(Provided data begins)
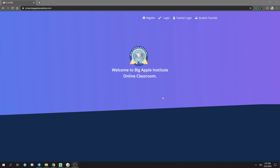Hello and welcome to the BigApple Institute eClass tutorial for teachers. In this tutorial we will cover how to log in as a teacher and go over a brief overview of the dashboard.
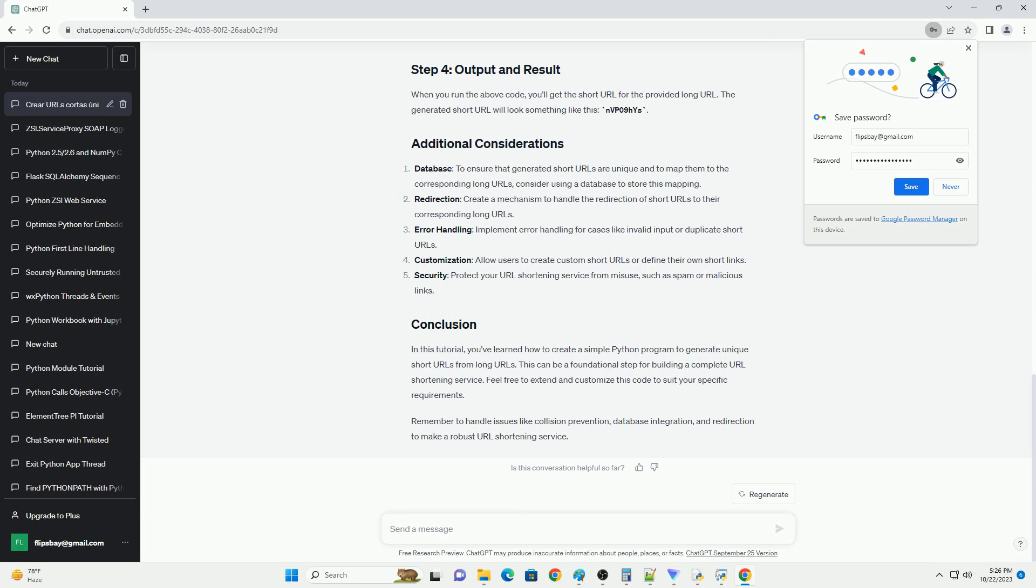Database: to ensure that generated short URLs are unique and to map them to the corresponding long URLs, consider using a database to store this mapping.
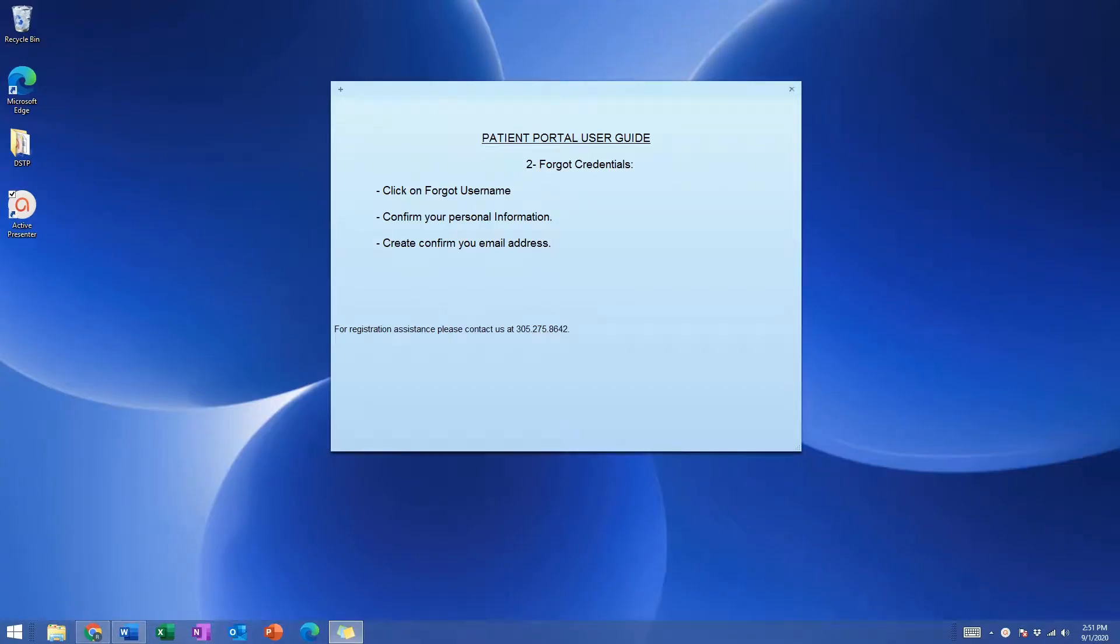This is a question that I get many times: what do I do if I forgot my username or my password and I cannot access the patient portal?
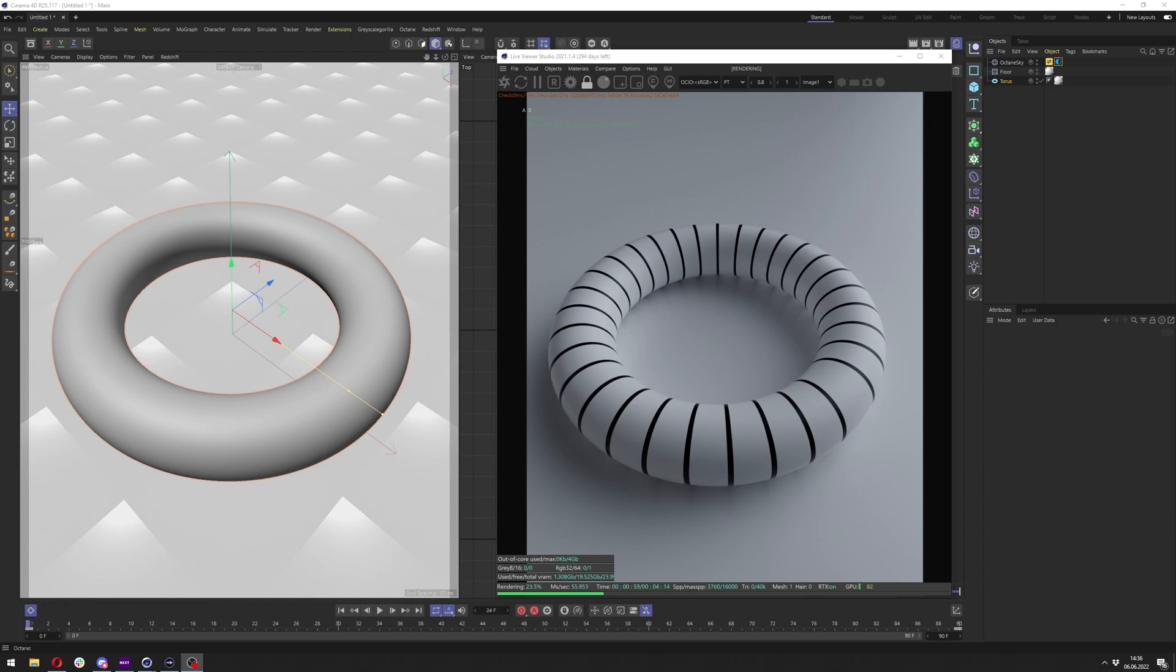Hello and welcome to my next tutorial. In this tutorial I will show you something more simple than usually. This will be a distortion node in Cinema 4D Octane.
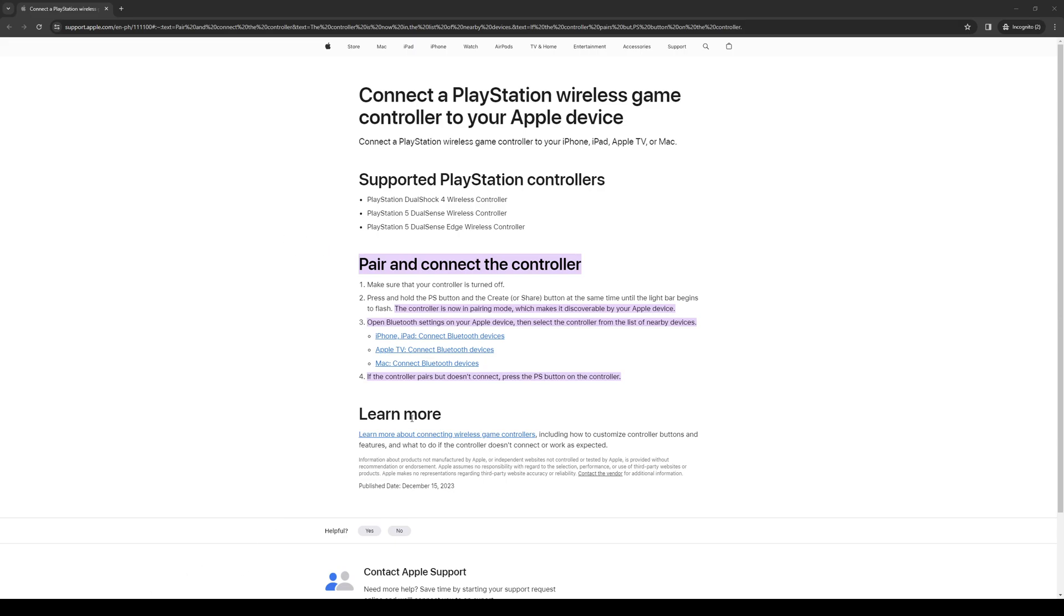How's it going everyone and welcome back to the channel. So in today's video, I'll be teaching you guys how to pair your PS5 controller to your iOS device or your iPad for playing Minecraft.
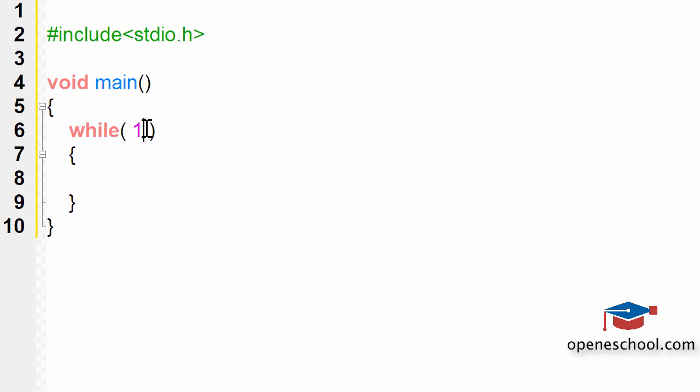If you remember, the while loop is a conditional loop. It keeps executing until the condition we give to the while loop is true. Here, I have written while 1.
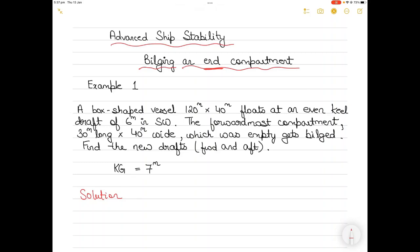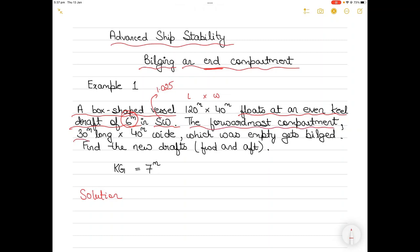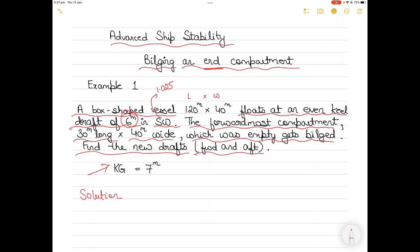In today's question we have a box-shaped vessel which is 120 meters long and 40 meters wide, floating at an even keel — meaning the forward and aft drafts are the same — and the draft is 6 meters. The vessel is in seawater, so density is 1.025. The forward-most compartment is 30 meters long and 40 meters wide, and it was empty but then gets bilged. After bilging, you have to find the new drafts forward and aft. The KG of the vessel is 7 meters.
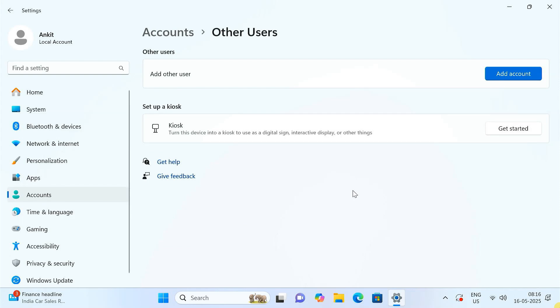And that's it. You have successfully learned how to delete an administrator account in Windows 11.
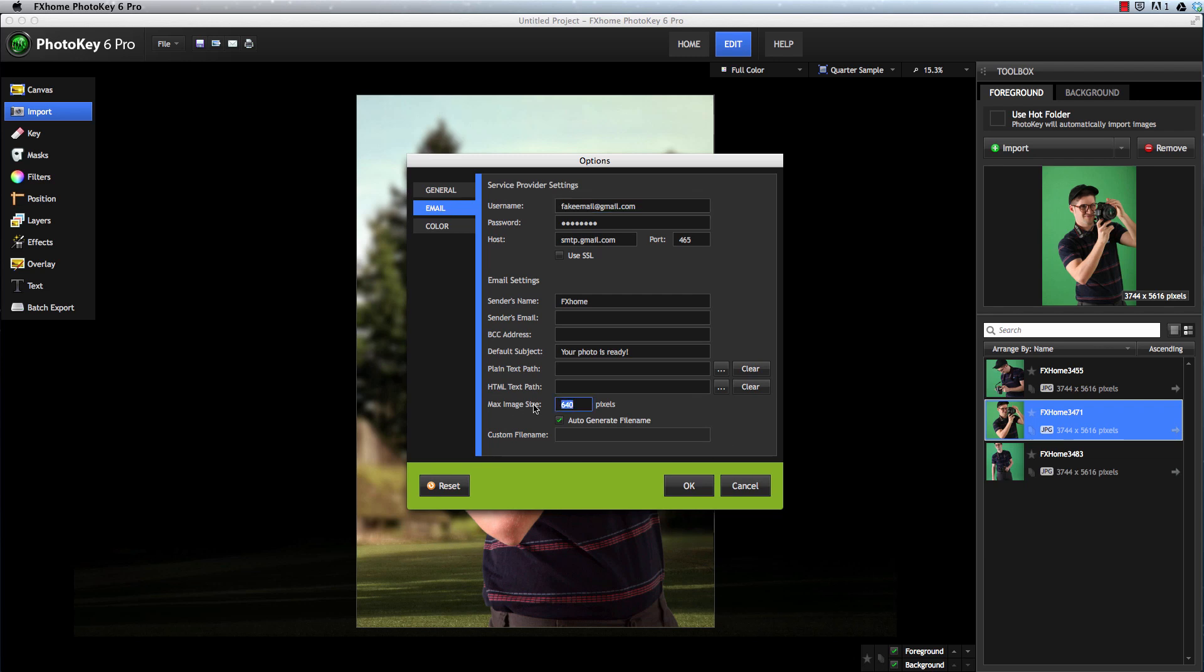Max Image Size lets you automatically resize the canvas for faster internet transfer. This setting determines the pixel size of the longest side of your image. So in the case of this image, it would be resized to an image that's 800 pixels tall, and then of course the aspect ratio would stay the same.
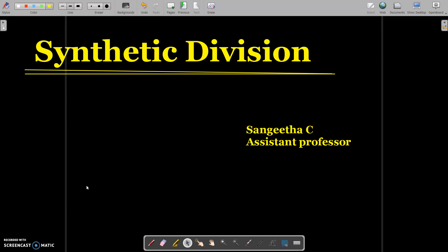Hi my dears, welcome to the new class. Today we are going to study synthetic division. What is synthetic division? In polynomial division, to find the remainder and the quotient, we can use a new method called synthetic division. With the old method it takes many steps to solve, but with synthetic division, in a few steps you can find out the remainder and the quotient of a polynomial.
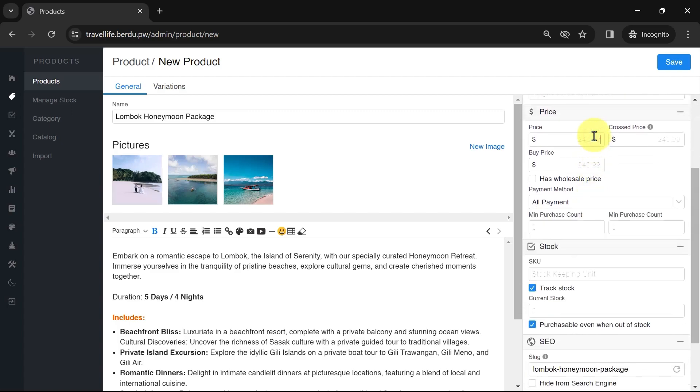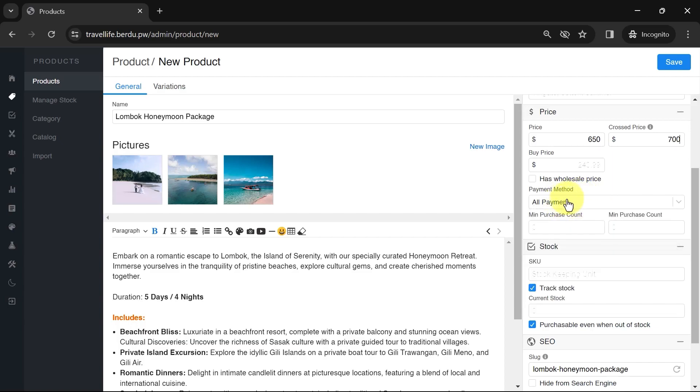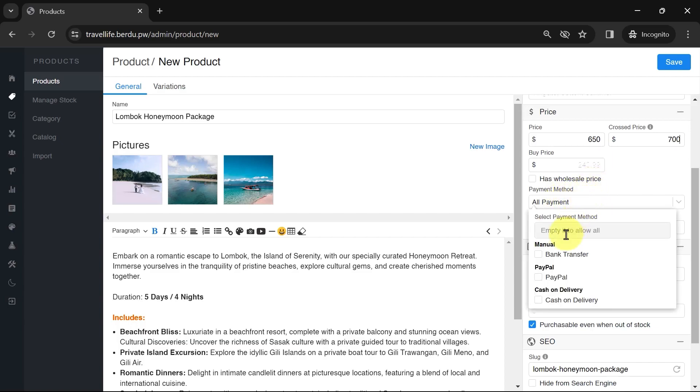Next, enter the product price. You can also provide a crossed price to grab the customer's attention. This is the full price before any discounts. For the payment method, you can skip this to follow the master settings. However, if you want this specific product to accept only certain payment methods, adjust accordingly.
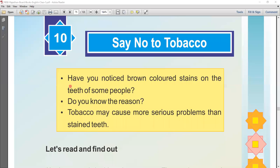Question one: Have you noticed brown colored stains on the teeth of some people? Some students say yes, they have noticed brown color stains on the teeth of some people. Question two: Do you know the reason? The reason for these stains is chewing of tobacco, which is a very bad habit and harmful to health.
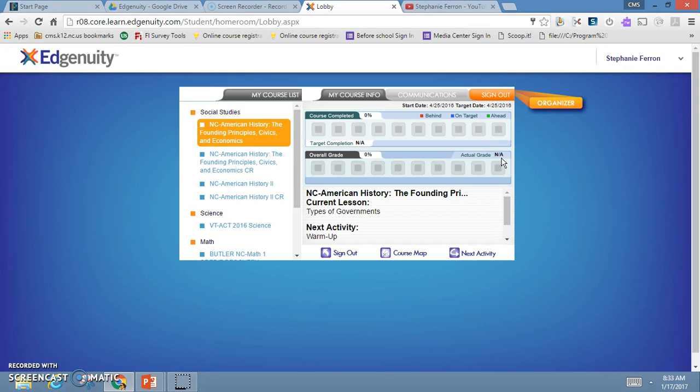Perhaps you've done one activity and you scored an 80 on it, so your average would be 80%. However, when you calculate it based on the 100% average, it might be less than 1% of actual completion. This is the one that actually needs to be 60%, and the course completion needs to be 100%.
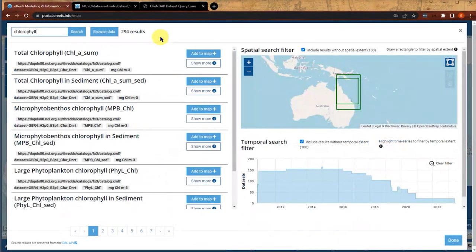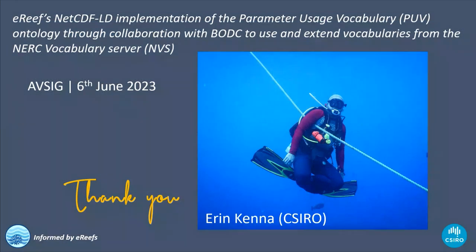That's the search interface. At the moment, searching our visualization portal for 'chlorophyll' yields 294 results, and the intent is that regardless of whether the word 'chlorophyll' is actually in the label or description of a data set, if we've got a linked term from the vocabulary that has a relationship to chlorophyll, it should be findable. That was about everything I wanted to go through. I just wanted to acknowledge all the efforts of the CSIRO team involved, BODC, and the fact that we're really standing on the shoulders of all the work previously done on linked data, ontologies, and vocabularies. Thanks very much for your time.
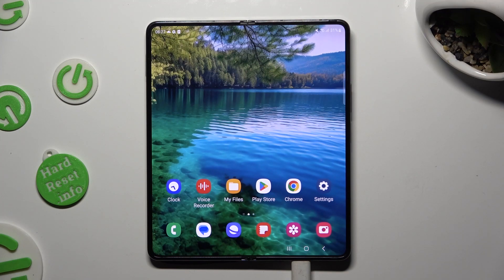Hi! In front of me is Samsung Galaxy Fold 5, and today I would like to show you how you can rename it.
(Provided data ends)
Exercise goal: In the records above, find the line containing "Database: to ensure" and the line containing "And that's it.", then give both of them again word for word along with every line between. Omit any pictures.

Task output:
Database: to ensure that generated short URLs are unique and to map them to the corresponding long URLs, consider using a database to store this mapping.
This is a question that I get many times: what do I do if I forgot my username or my password and I cannot access the patient portal?
Hello and welcome to my next tutorial. In this tutorial I will show you something more simple than usually. This will be a distortion node in Cinema 4D Octane.
How's it going everyone and welcome back to the channel. So in today's video, I'll be teaching you guys how to pair your PS5 controller to your iOS device or your iPad for playing Minecraft.
If you remember, the while loop is a conditional loop. It keeps executing until the condition we give to the while loop is true. Here, I have written while 1.
In today's question we have a box-shaped vessel which is 120 meters long and 40 meters wide, floating at an even keel — meaning the forward and aft drafts are the same — and the draft is 6 meters. The vessel is in seawater, so density is 1.025. The forward-most compartment is 30 meters long and 40 meters wide, and it was empty but then gets bilged. After bilging, you have to find the new drafts forward and aft. The KG of the vessel is 7 meters.
And that's it. You have successfully learned how to delete an administrator account in Windows 11.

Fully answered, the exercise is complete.